Obama does indeed "stand for" something larger in the racial history of the United States: its transcendence. His sober and moving speech on race asked all Americans to both recognise and overcome the past; it did not demand "white guilt". Were Obama to reach the White House, he would "stand for" the traditions of openness, possibility and innovation that have, in large part, made America the superpower it is today. Obama's story is a quintessentially American one.

It's telling that Phillips spins this glowing narrative into one of benighted minorities and the "third world" lording it over the feeble west. Perhaps Phillips is stuck in a peculiarly bitter, European understanding of belonging and identity, one that is too narrow to accommodate the American significance of Obama's rise. Surely, the prospect of a black president of clearly moderate political bent need not plunge conservatives like Phillips into such gloom. But it seems for her that the line between miserablism and racism is quite thin. I'd rather she stayed miserable.

2 Comments:

At 7:09 AM, Blogger Frank Partisan said...

It's a waste of space, talking about the ideas of a such an uninformed person.

On Israel/Palestine, Obama flanked McCain on the right. His Afghan policy is more aggresive than either Bush or McCain's.

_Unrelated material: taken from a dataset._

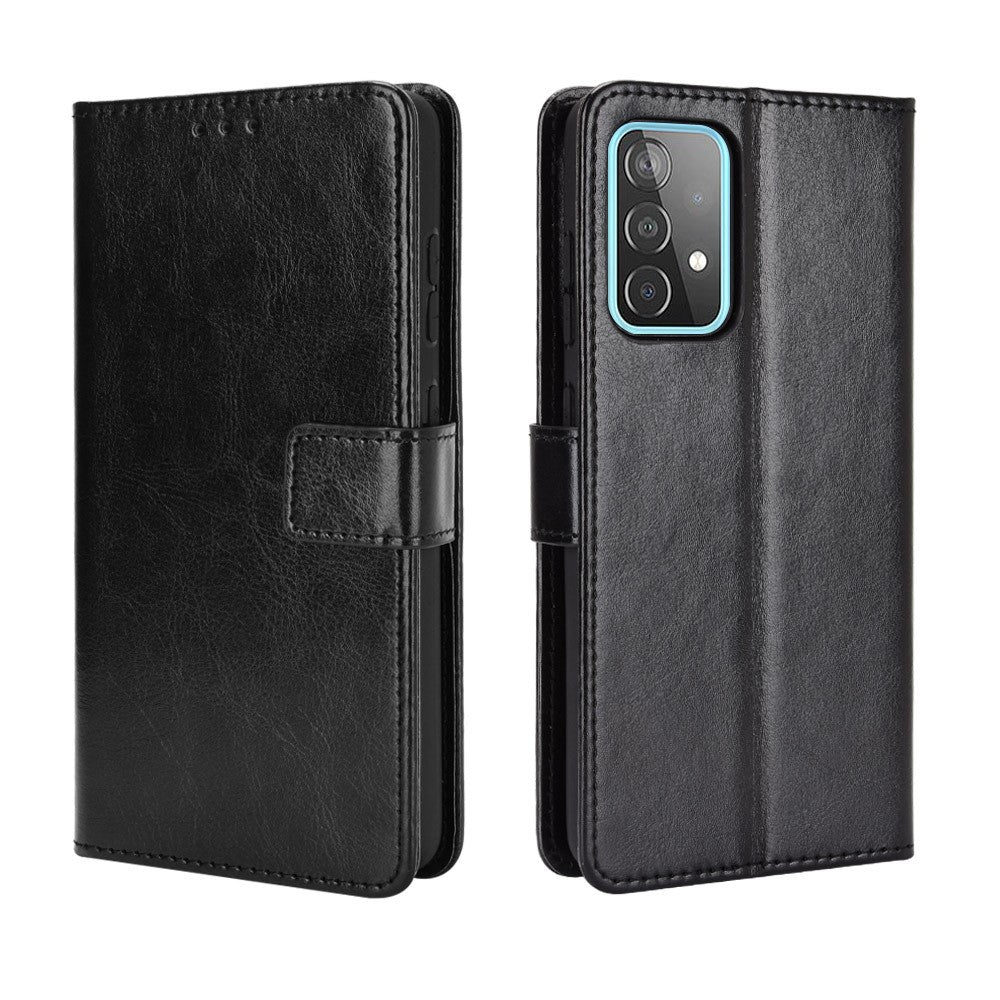 Crazy Horse Texture Leather plånboksfodral Galaxy A52 4G/5G & A52s 5G – svart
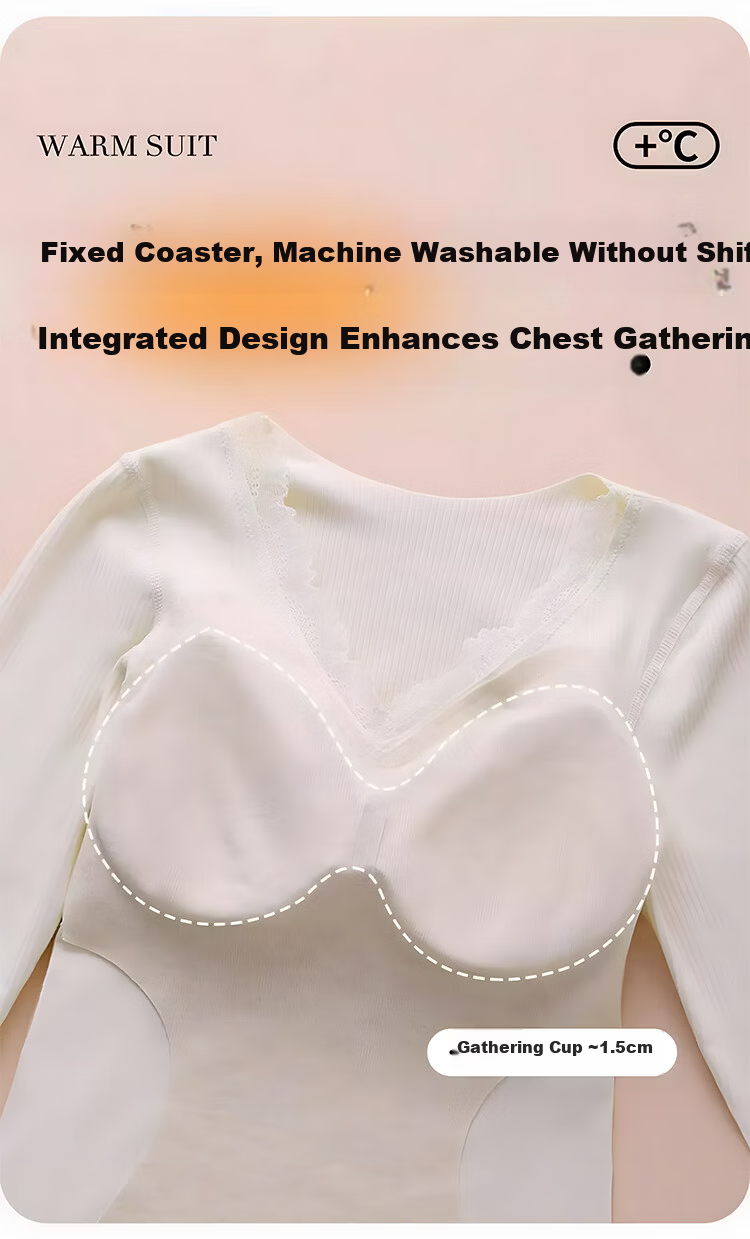 Tingmei Women's Thermal Underwear with Built-in Chest Pad, One-piece Bra-free Patch, Autumn Winter Fleece Thickened Body Shaping Set 5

The worst part of responding to a person like that, is that she knows what she says is nonsense.

 
At 3:36 PM, Blogger Gert said...

Ren, I'm not so sure she knows what she writes is nonsense: I've read many of her pieces and she seems genuine, not cynical. Decades of isolated introspection can make a person believe anything it repeats to itself frequently enough.

Personally I can see her ride off into the sunset, accompanied by a few likeminded Knights of the Apocalypse; perhaps Mark Steyn, Bat Yeor, Paul Belien and Daniel Pipes.